Work instructions. Your task is to repeat the records exactly from the line containing "Ureadin Ultra 40 Gel Oil 30 Ml Isdin" onward, through the final line.

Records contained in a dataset
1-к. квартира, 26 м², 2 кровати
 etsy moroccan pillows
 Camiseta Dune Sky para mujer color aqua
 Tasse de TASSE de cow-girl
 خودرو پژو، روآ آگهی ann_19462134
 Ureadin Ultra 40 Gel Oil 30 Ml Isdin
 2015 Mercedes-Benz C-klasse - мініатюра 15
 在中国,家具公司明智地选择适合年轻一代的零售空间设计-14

Exercise result.
 Ureadin Ultra 40 Gel Oil 30 Ml Isdin
 2015 Mercedes-Benz C-klasse - мініатюра 15
 在中国,家具公司明智地选择适合年轻一代的零售空间设计-14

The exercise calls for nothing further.